Source files and future updates are available on Patreon.
You can follow me on Twitter.
This post is part of my Game Programming Series.
Prerequisite
Introduction
In the previous tutorial, I used exposure avoidance as an example to demonstrate how to optimize computation with delayed result gathering. The basic idea is: kick jobs to run on worker threads and gather the results later. This prevents the main thread from being stalled.
If the game can afford one-frame latency, then we can kick the job in one frame and gather the results in the next frame. If the game cannot afford such latency, it’s still worth trying kicking the job early and gather the results later in the same frame.
What if the job takes too long to fit in a single frame? Or what if the job is just taking longer than we’d like? Then we can split the work across multiple frames. This is the core idea of time slicing, another optimization technique I picked up at work and one of my longtime favorites.

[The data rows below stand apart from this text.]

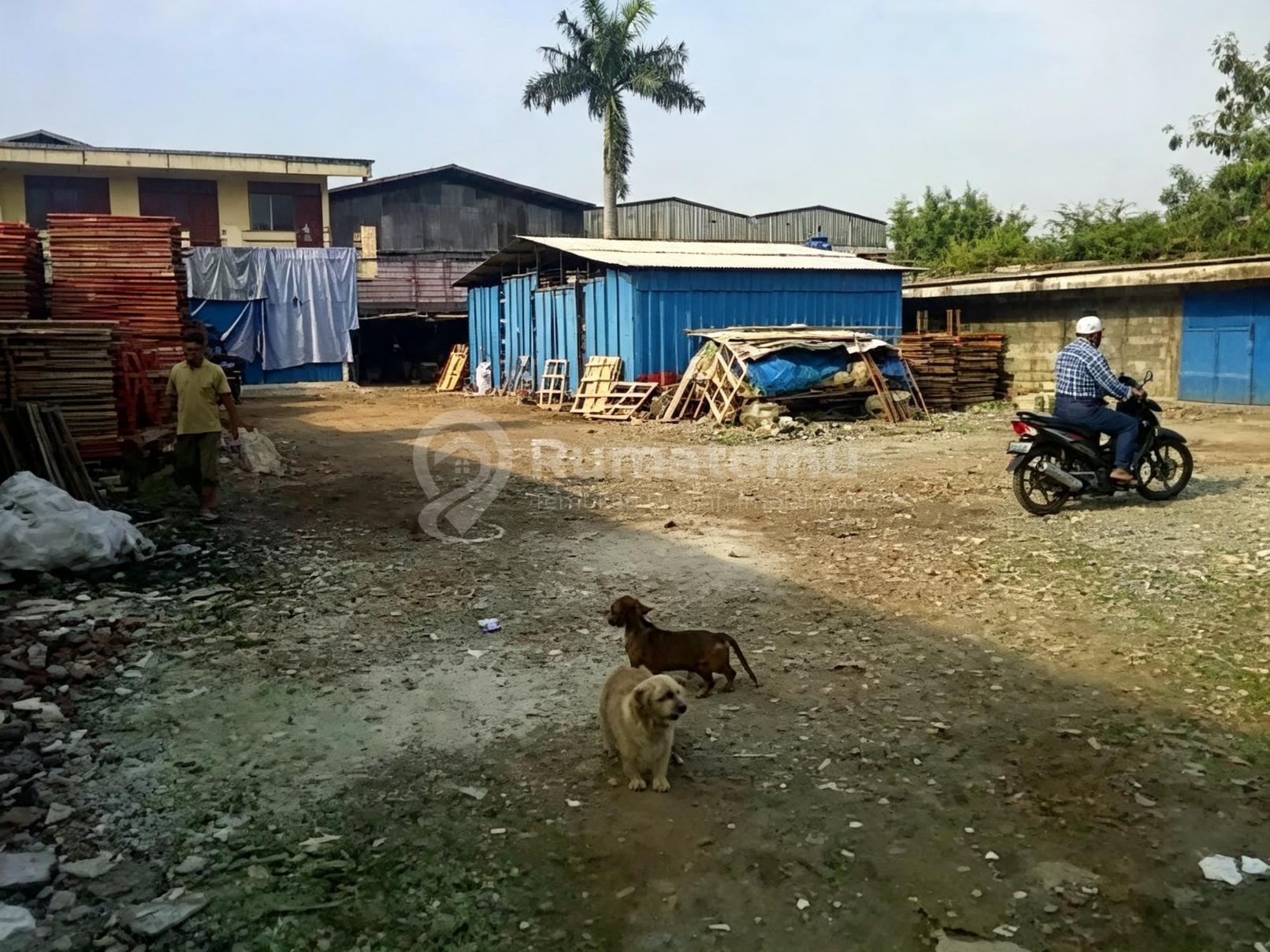 Kavling/Tanah Lokasi di Pinggir Jalan bisa Buat Gudang / Pool Di.kalideres Cengkareng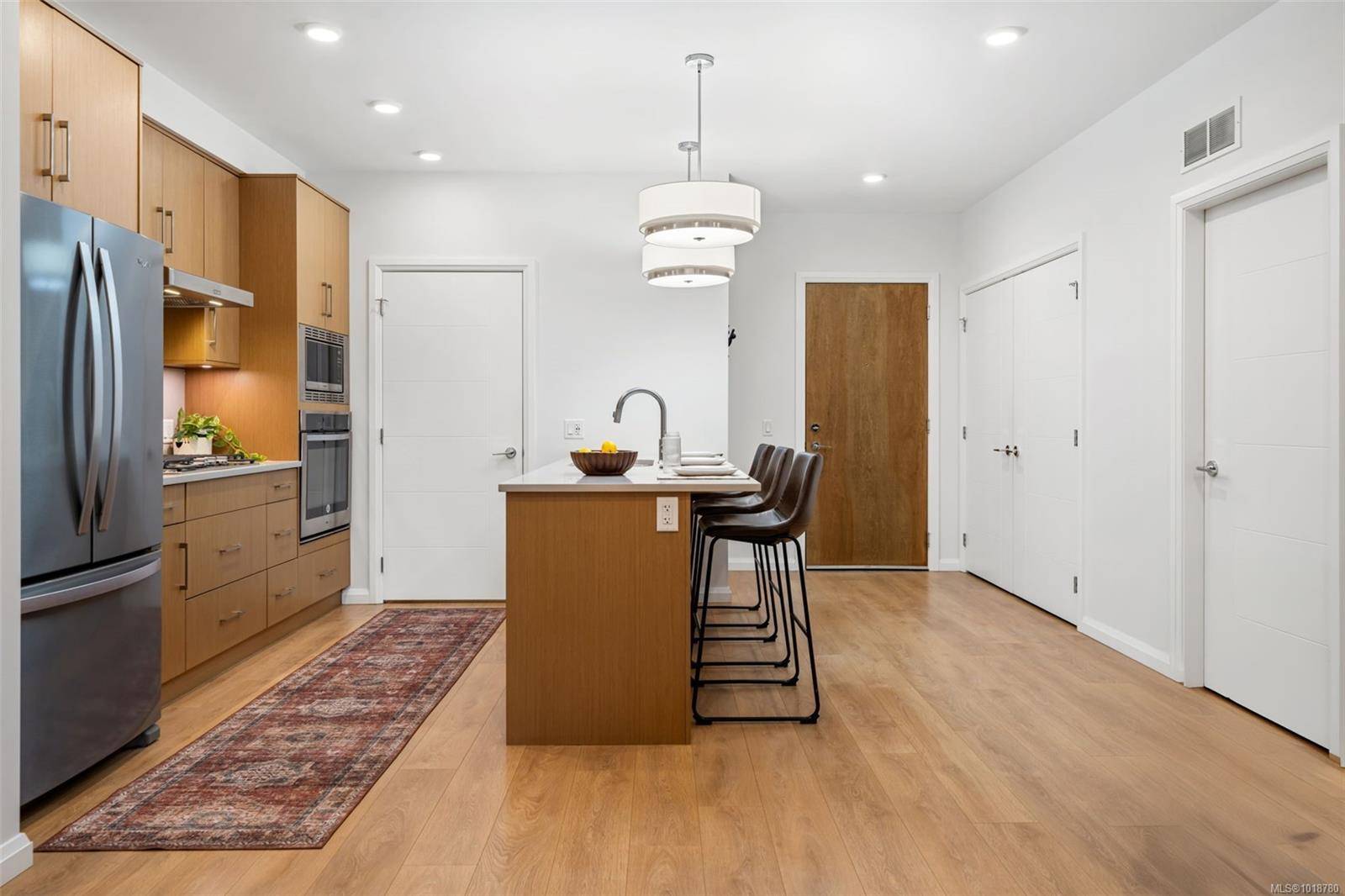 Saanich, BC V8Z 0E5,745 Travino Lane #112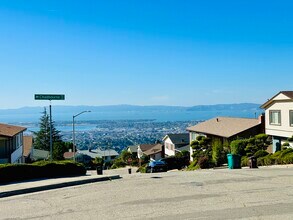166 Rishell Drive, Unit Studio in Oakland, CA - Foto de edificio - Building Photo
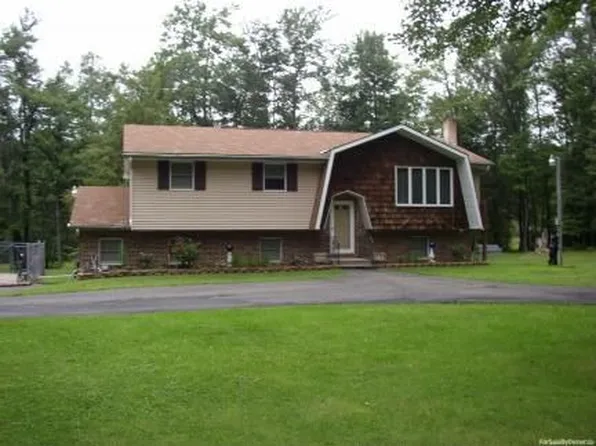 12 Mushroom Ln, Albrightsville, PA 18210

If you think about it, time slicing is everywhere. Texture streaming, seamless loading, etc., work that happens “in the background” without tanking a game’s frame rate. Can’t do it all in one frame? Then do it across multiple! It’s a simple but very effective idea.
The Exposure Map Example Revisited
Recall our last iteration on the exposure map example. The jobs to set up raycasts, perform raycasts, and gather raycast results are kicked at the end of the update function and waited for completion at the start of the update function in the next frame.
Here are the job structs:
struct RaycastSetupJob : IJobParallelFor
{
public Vector3 EyePos;
[ReadOnly]
public NativeArray<Vector3> Grid;
[WriteOnly]
public NativeArray<RaycastCommand> Commands;
public void Execute(int index)
{
Vector3 cellCenter = Grid[index];
Vector3 vec = cellCenter - EyePos;
Commands[index] =
new RaycastCommand(EyePos, vec.normalized, vec.magnitude);
}
}
struct RaycastGatherJob : IJobParallelFor
{
[ReadOnly]
public NativeArray<RaycastHit> Results;
[WriteOnly]
public NativeArray<bool> ExposureMap;
public void Execute(int index)
{
bool exposed = (Results[index].distance <= 0.0f);
ExposureMap[index] = exposed;
}
}
Here is the update function:
id UpdateExposureMap()
{
// wait for jobs from last frame to complete
hGatherJob.Complete();
// double-buffering
SwapExposureBackBuffer();
// dispose of job data allocated from last frame
if (Commands.IsCreated)
Commands.Dispose();
if (Results.IsCreated)
Results.Dispose();
// allocate data shared across jobs
var allocator = Allocator.TempJob;
Commands =
new NativeArray<RaycastCommand>(NumCells, allocator);
Results =
new NativeArray<RaycastHit>(NumCells, allocator);
// create setup job
var setupJob = new RaycastSetupJob();
setupJob.EyePos = EyePos;
setupJob.Grid = Grid;
setupJob.Commands = Commands;
// create gather job
var gatherJob = new RaycastGatherJob();
gatherJob.Results = Results;
gatherJob.ExposureMap = ExposureMap;
// schedule setup job
var hSetupJob = setupJob.Schedule(NumCells, JobBatchSize);
// schedule raycast job
// specify dependency on setup job
var hRaycastJob =
RaycastCommand.ScheduleBatch
(
Commands,
Results,
JobBatchSize,
hSetupJob
);
// schedule gather job
// specify dependency on raycast job
hGatherJob =
gatherJob.Schedule(NumCells, JobBatchSize, hRaycastJob);
// kick jobs
JobHandle.ScheduleBatchedJobs();
}
And here is what the profiler shows:
The jobs run outside the span of the update function, freeing up the main thread and not stalling it.
Time Slicing
Now, let’s see how we can further reduce the CPU time spent on the raycast job with time slicing. Here is the pattern I usually use for time slicing:
- Declare an index (or iterator) that to keep track of the current progress of time slicing.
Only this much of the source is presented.